*The records*
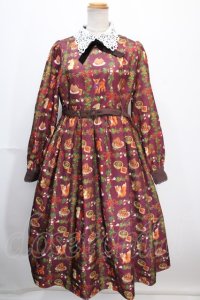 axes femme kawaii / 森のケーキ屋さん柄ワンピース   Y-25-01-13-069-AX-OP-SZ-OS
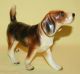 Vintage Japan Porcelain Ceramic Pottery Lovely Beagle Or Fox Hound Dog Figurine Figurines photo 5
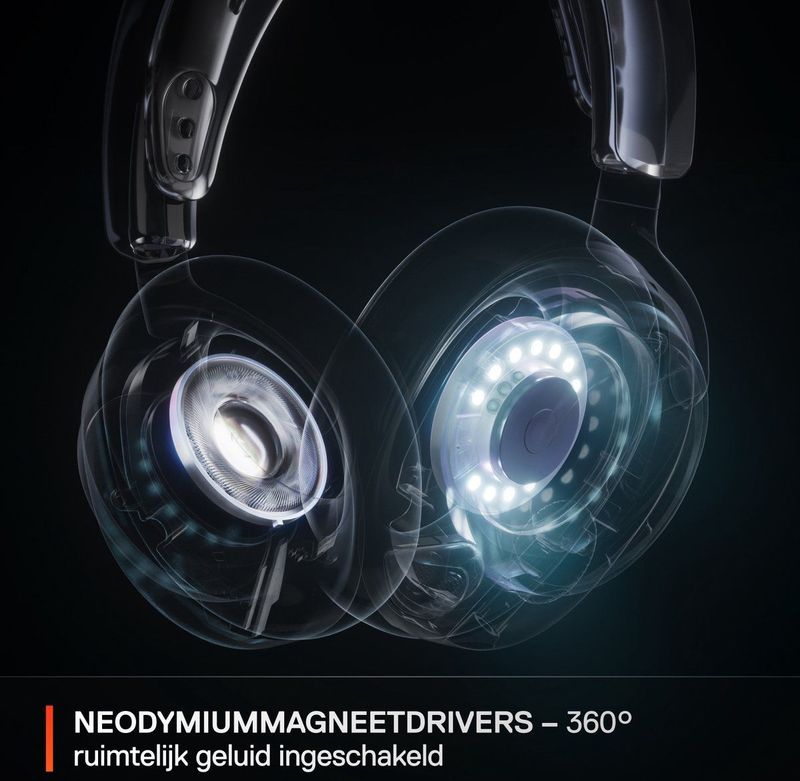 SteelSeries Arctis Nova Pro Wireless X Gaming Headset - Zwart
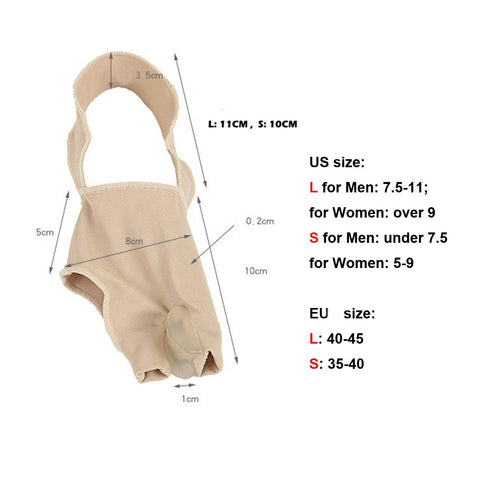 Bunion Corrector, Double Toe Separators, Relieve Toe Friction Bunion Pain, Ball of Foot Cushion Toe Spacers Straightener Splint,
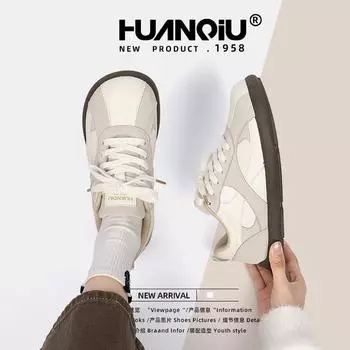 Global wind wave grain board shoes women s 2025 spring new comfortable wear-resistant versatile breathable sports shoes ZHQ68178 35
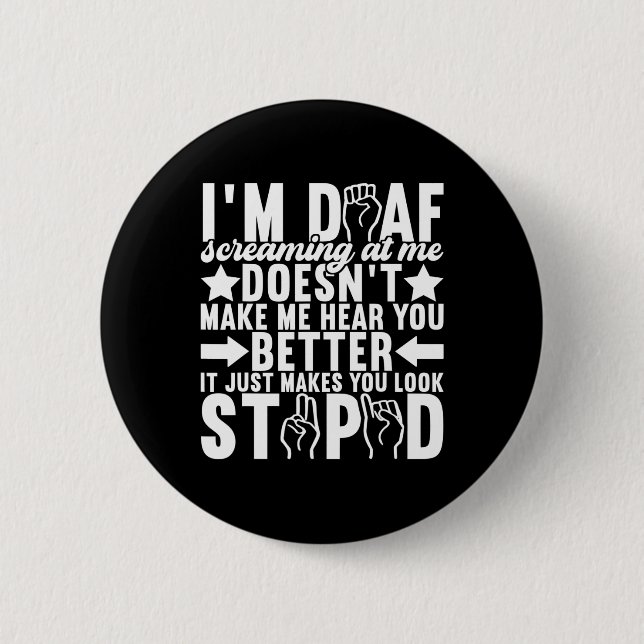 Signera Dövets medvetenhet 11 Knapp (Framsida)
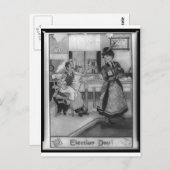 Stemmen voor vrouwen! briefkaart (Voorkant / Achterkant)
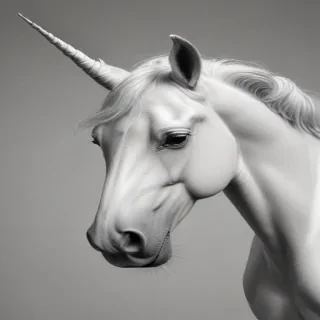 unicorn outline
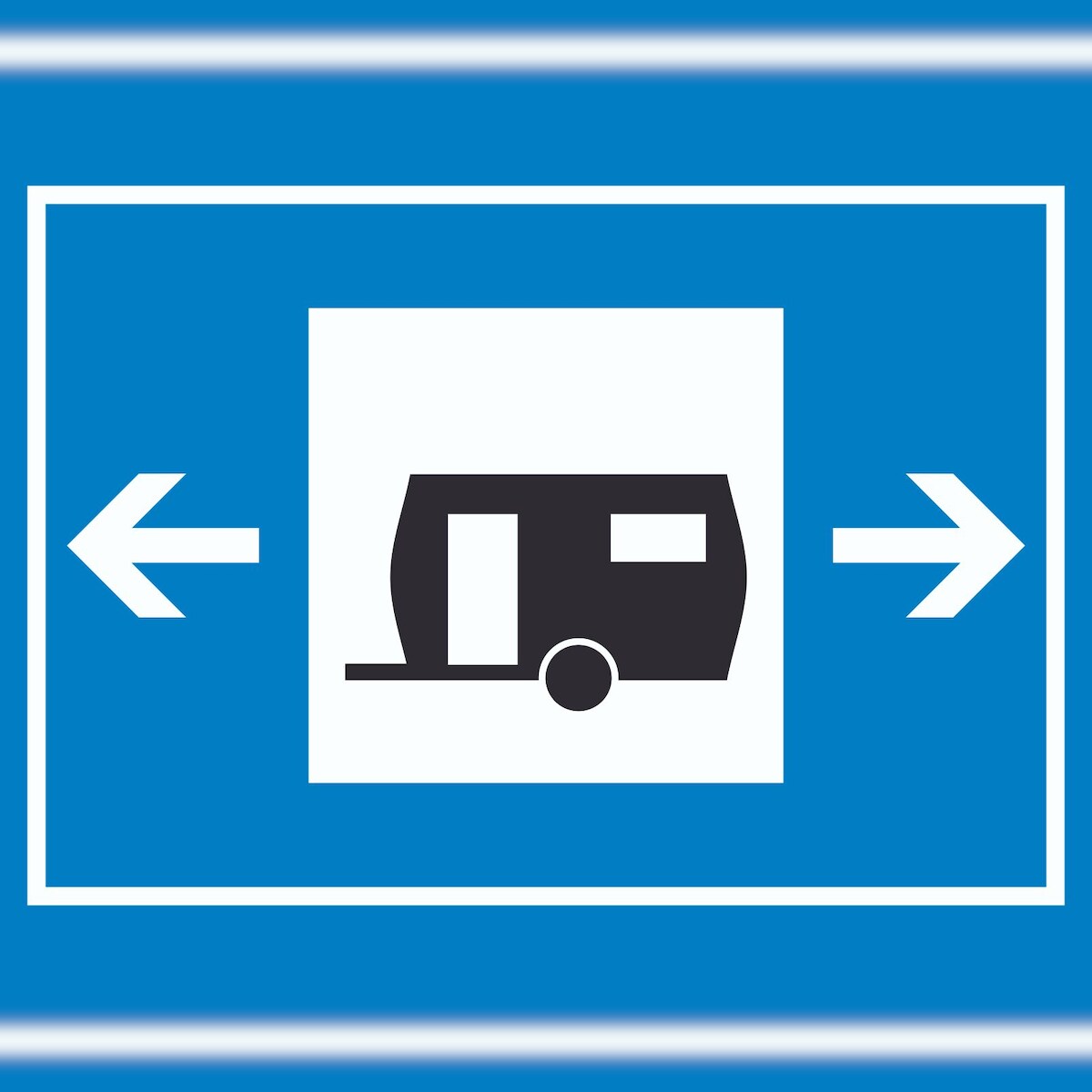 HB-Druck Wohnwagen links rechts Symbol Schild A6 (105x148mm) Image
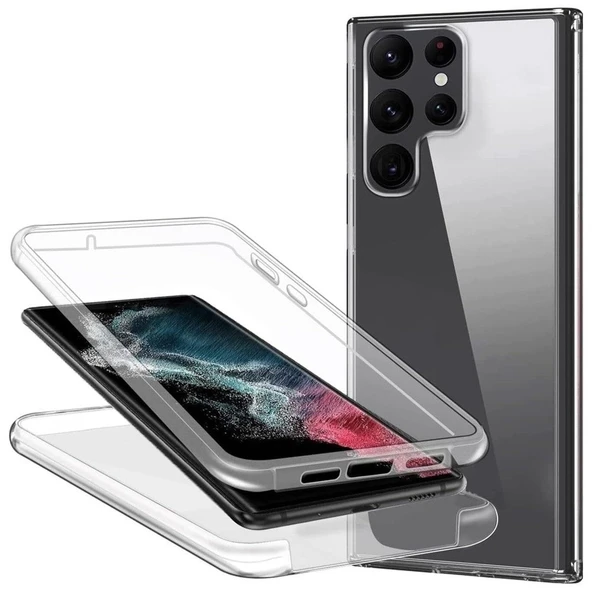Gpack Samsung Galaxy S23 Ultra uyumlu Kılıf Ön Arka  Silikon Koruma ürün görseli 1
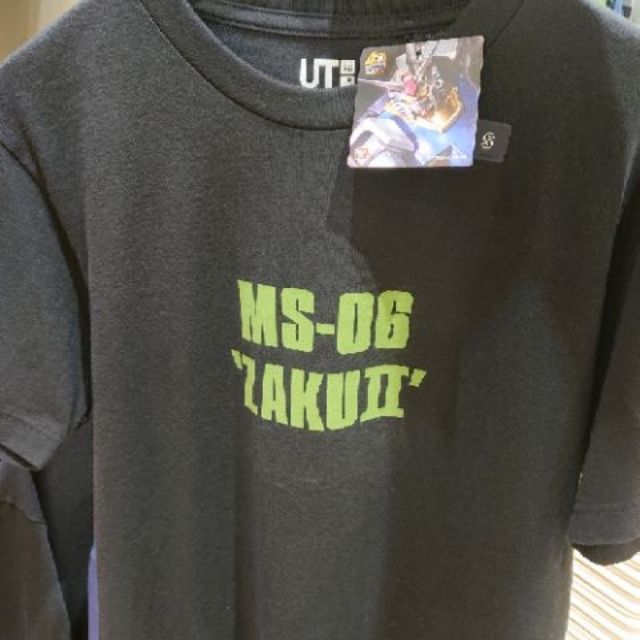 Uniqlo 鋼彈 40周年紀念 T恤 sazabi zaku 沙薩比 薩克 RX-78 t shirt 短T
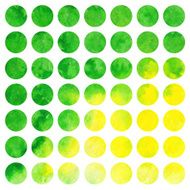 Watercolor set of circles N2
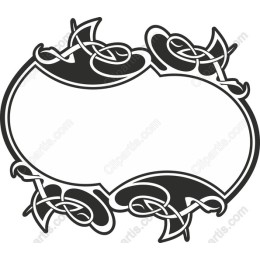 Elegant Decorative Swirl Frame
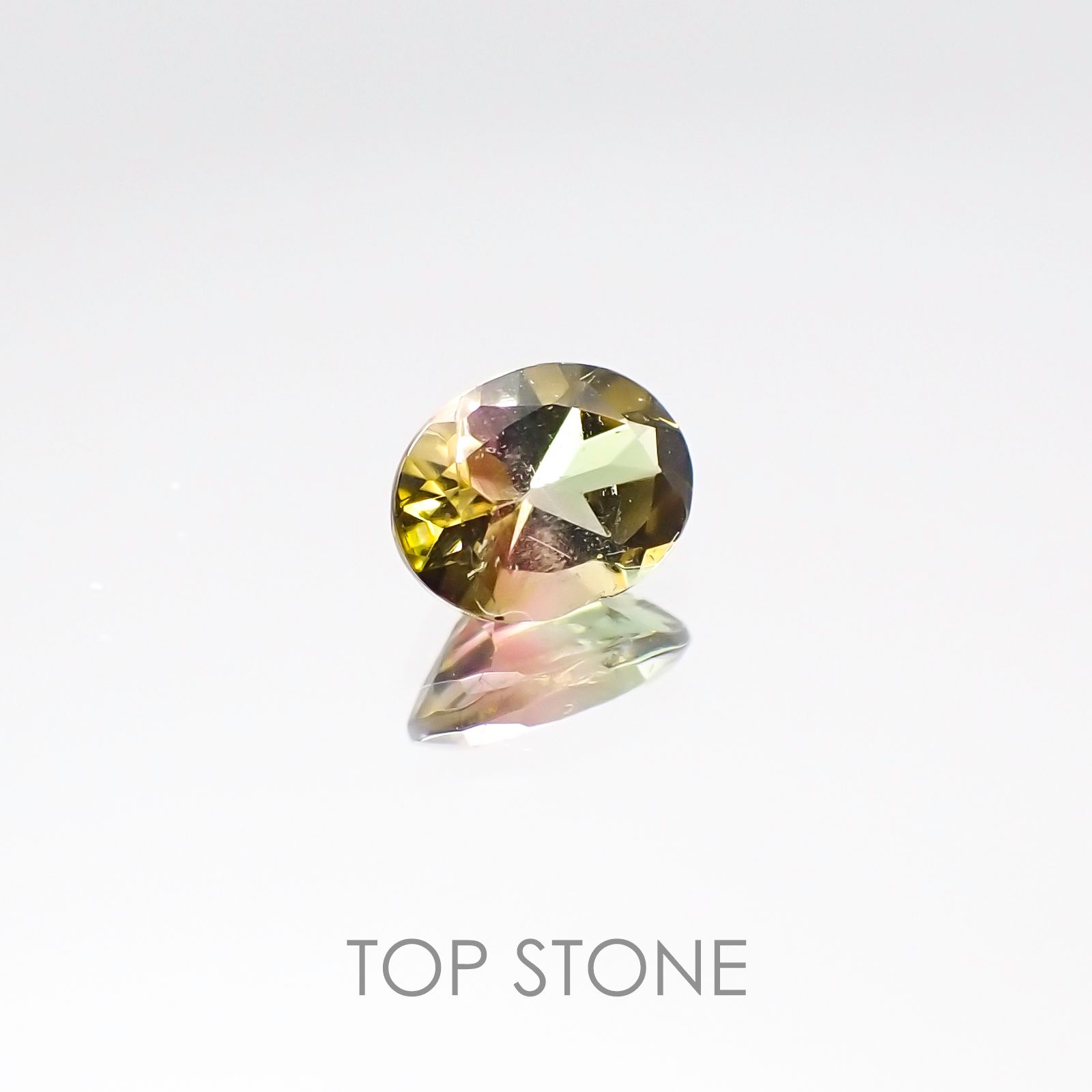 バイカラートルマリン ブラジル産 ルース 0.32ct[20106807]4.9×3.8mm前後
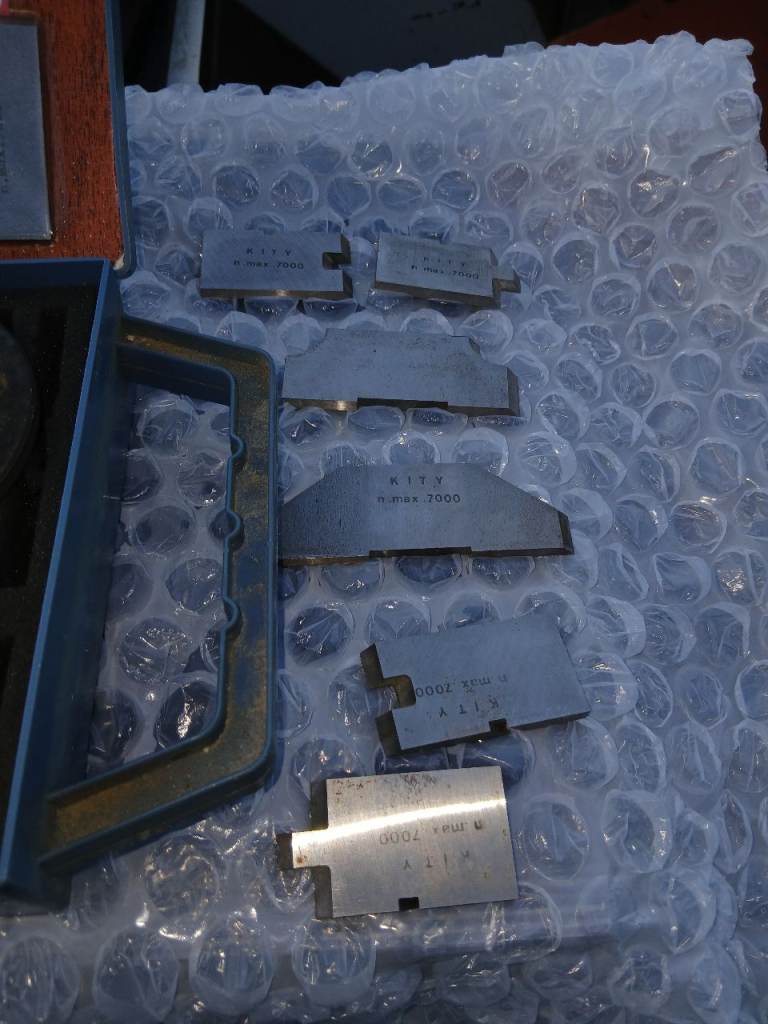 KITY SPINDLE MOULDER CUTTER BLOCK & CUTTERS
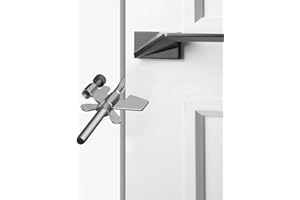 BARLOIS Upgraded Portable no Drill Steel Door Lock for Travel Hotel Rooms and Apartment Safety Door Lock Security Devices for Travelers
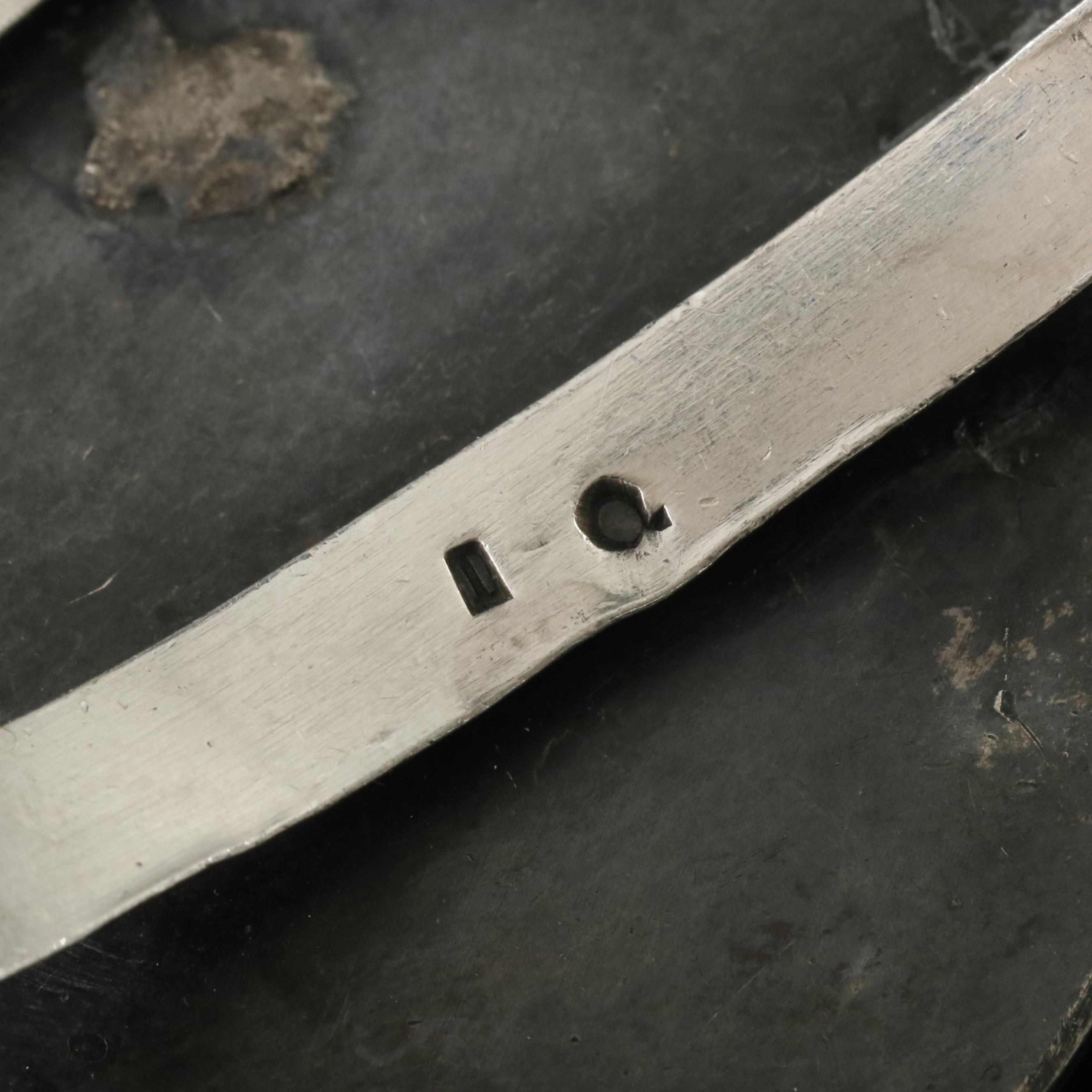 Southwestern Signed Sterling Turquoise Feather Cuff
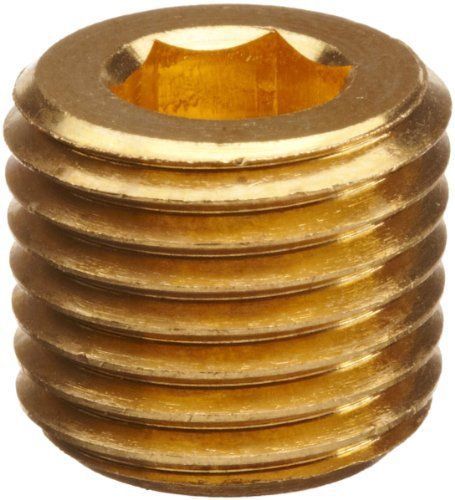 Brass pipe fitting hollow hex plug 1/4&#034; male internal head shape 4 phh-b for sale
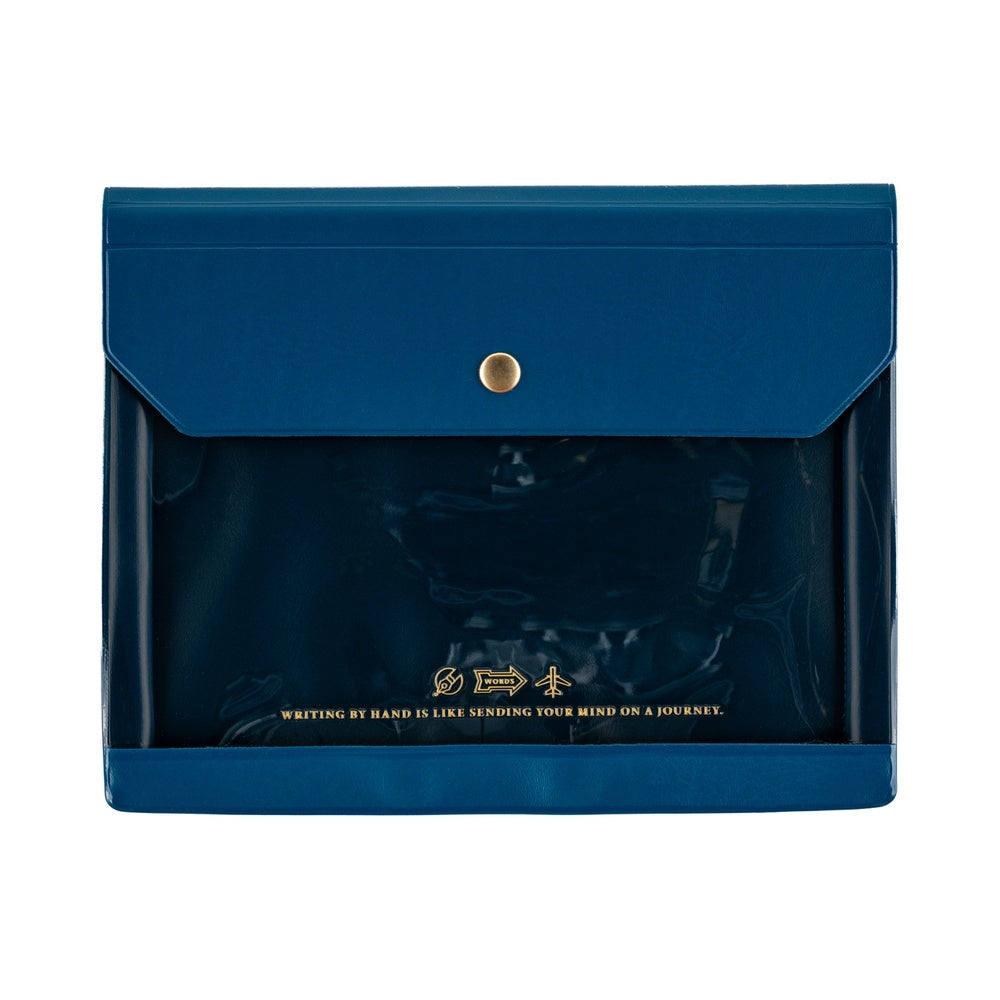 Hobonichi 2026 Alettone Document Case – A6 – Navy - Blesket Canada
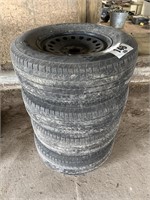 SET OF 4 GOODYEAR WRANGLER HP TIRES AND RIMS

*Problem to solve*
Could you print the listing above exactly, without the pictures?

*Exercise solution*
 axes femme kawaii / 森のケーキ屋さん柄ワンピース   Y-25-01-13-069-AX-OP-SZ-OS
 Vintage Japan Porcelain Ceramic Pottery Lovely Beagle Or Fox Hound Dog Figurine Figurines photo 5
 SteelSeries Arctis Nova Pro Wireless X Gaming Headset - Zwart
 Bunion Corrector, Double Toe Separators, Relieve Toe Friction Bunion Pain, Ball of Foot Cushion Toe Spacers Straightener Splint,
 Global wind wave grain board shoes women s 2025 spring new comfortable wear-resistant versatile breathable sports shoes ZHQ68178 35
 Signera Dövets medvetenhet 11 Knapp (Framsida)
 Stemmen voor vrouwen! briefkaart (Voorkant / Achterkant)
 unicorn outline
 HB-Druck Wohnwagen links rechts Symbol Schild A6 (105x148mm) Image
Gpack Samsung Galaxy S23 Ultra uyumlu Kılıf Ön Arka  Silikon Koruma ürün görseli 1
 Uniqlo 鋼彈 40周年紀念 T恤 sazabi zaku 沙薩比 薩克 RX-78 t shirt 短T
 Watercolor set of circles N2
 Elegant Decorative Swirl Frame
 バイカラートルマリン ブラジル産 ルース 0.32ct[20106807]4.9×3.8mm前後
 KITY SPINDLE MOULDER CUTTER BLOCK & CUTTERS
 BARLOIS Upgraded Portable no Drill Steel Door Lock for Travel Hotel Rooms and Apartment Safety Door Lock Security Devices for Travelers
 Southwestern Signed Sterling Turquoise Feather Cuff
 Brass pipe fitting hollow hex plug 1/4&#034; male internal head shape 4 phh-b for sale
 Hobonichi 2026 Alettone Document Case – A6 – Navy - Blesket Canada
 SET OF 4 GOODYEAR WRANGLER HP TIRES AND RIMS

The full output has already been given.